In job descriptions or LinkedIn posts here in the Netherlands, I often see Dutch idioms literally translated into English. Here are some of my favorites:

• "Let's fall with the door into the house."

Meaning: Let's get straight to the point.

• "You'll sit with your mouth full of teeth."

Meaning: You'll be speechless.

• "Now you finished reading, and your wooden shoe is breaking"

Meaning: Now you finished reading and are totally amazed

• "With our learning program, you will have it under the knee."

Meaning: To possess in-depth knowledge of something, to master it.

• "Apply today; it's a whistle of a cent."

Meaning: Apply today; it can be done with minimal effort.

Would you get what the author means by those idioms?

I hope I brought a grin to your face because it usually did the same for me, but I was also quite confused. But I think you get the idea. Confusion and ambiguity would result from literal translations of idioms and expressions into another language. In addition, translating into a foreign language necessitates research on the language's cultural connotations. Alternatively, you can use simple terminology that we've previously explained in a blog post.

Your brand will suffer if you misuse idioms and cultural references. Take the time to learn the language and customs of your target culture and get the benefits.

Final Thoughts

Cultural sensitivity is being too aware of specific cultural factors affecting research. Writers must be mindful of local cultural differences and write relevant messages to their target audience. If this is your first time doing a glocalization project, you'll need to think about cultural sensitivity before talking to people from other countries.
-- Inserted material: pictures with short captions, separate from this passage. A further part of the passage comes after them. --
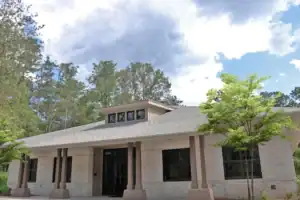 Exterior of Daphne office of Sunrise Dermatology office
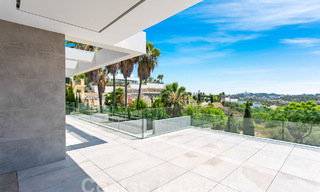Nieuwe, modernistische designervilla te koop met prachtig zeezicht in vijfsterren golfresort te Marbella - Benahavis 55889 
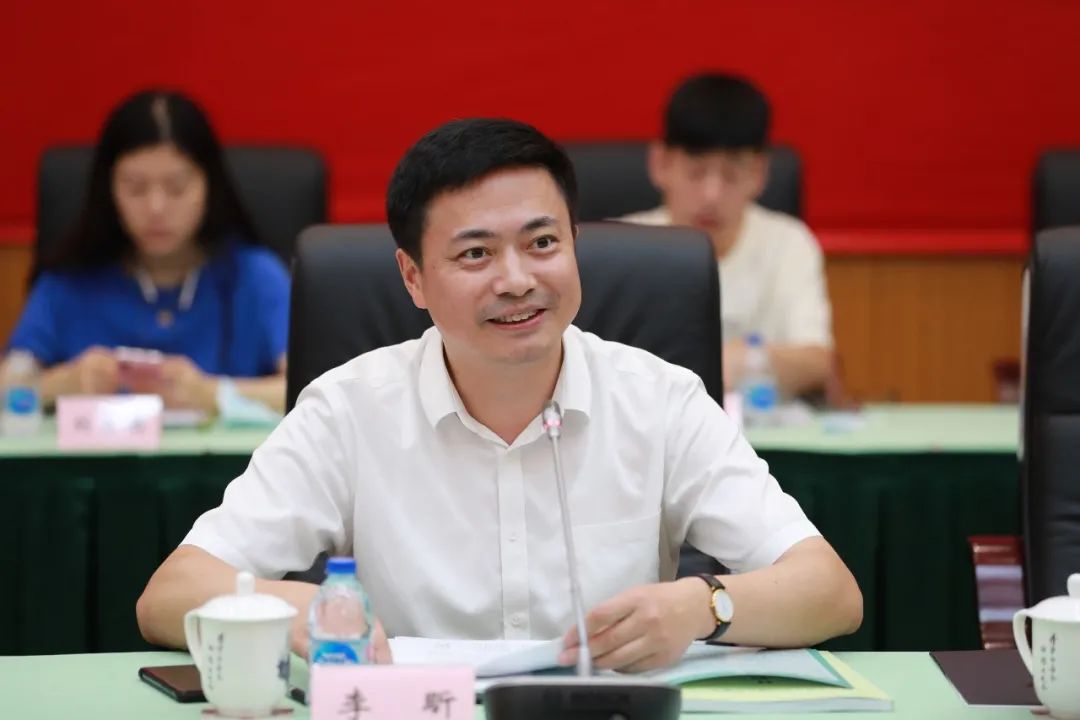 魏东,市政协人口资源环境建设委员会副主任石珮莹,上海理工大学副校长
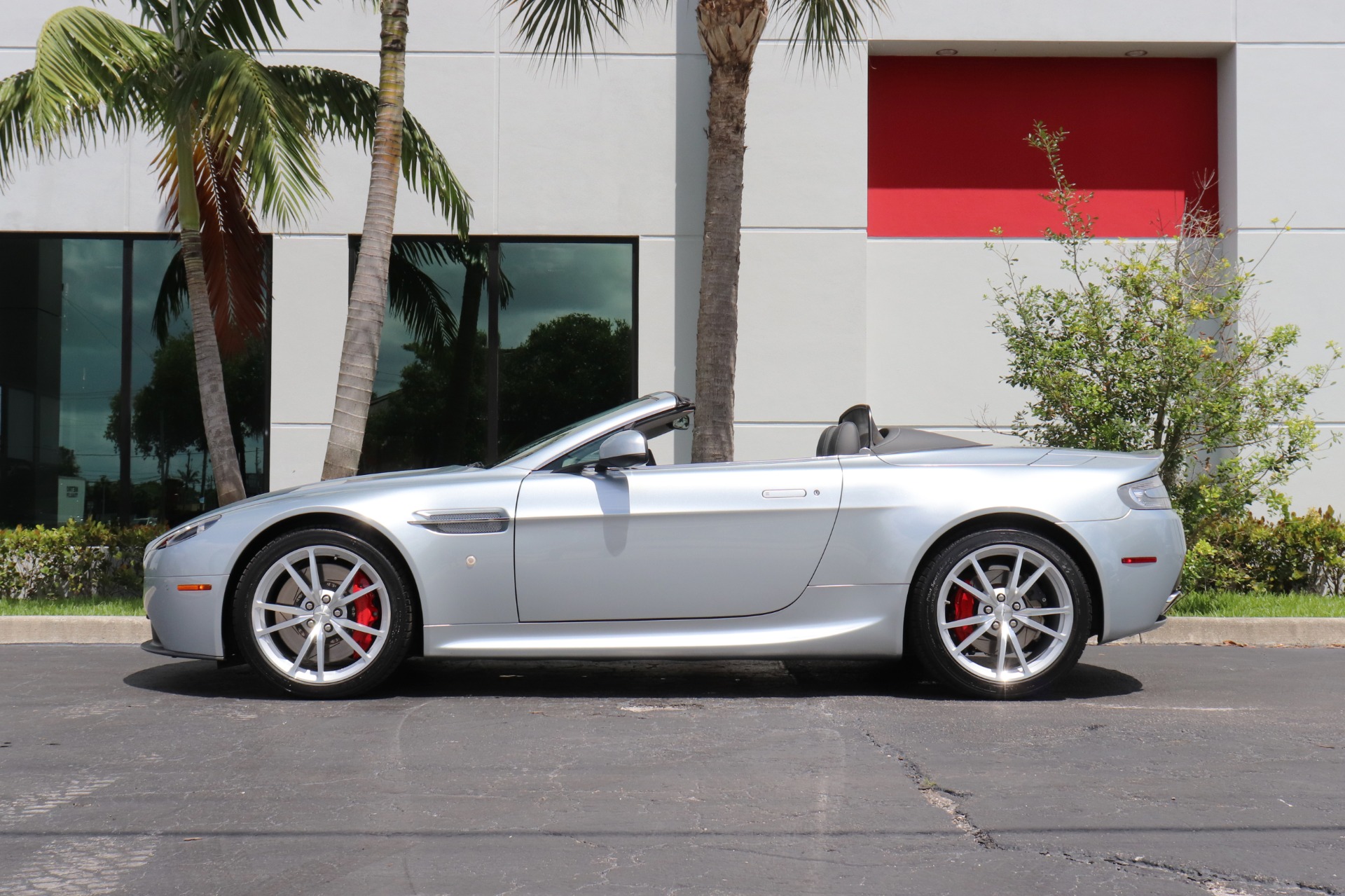 Used-2012-Aston-Martin-V8-Vantage-Roadster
But what are some of the most important things for brands to remember when they use cultural sensitivity in international recruitment marketing campaigns when they want to launch new products in a new country?

  1. Genders' stereotypes (what is sexist, masculine, or famine differ per culture)

  2. Slang and idioms (mentioned before)

  3. Brand graphic and website layout (colors and structures vary per culture)

So if you want to market your brand to people from different cultures, don't just copy and paste your brand message or marketing campaign. This will be very difficult.

The devil is in the small things. Applying cultural sensitivity to your whole marketing plan will ensure that you can effectively market your product in new places, use your brand to fight off foreign competitors, and build brand loyalty with local customers.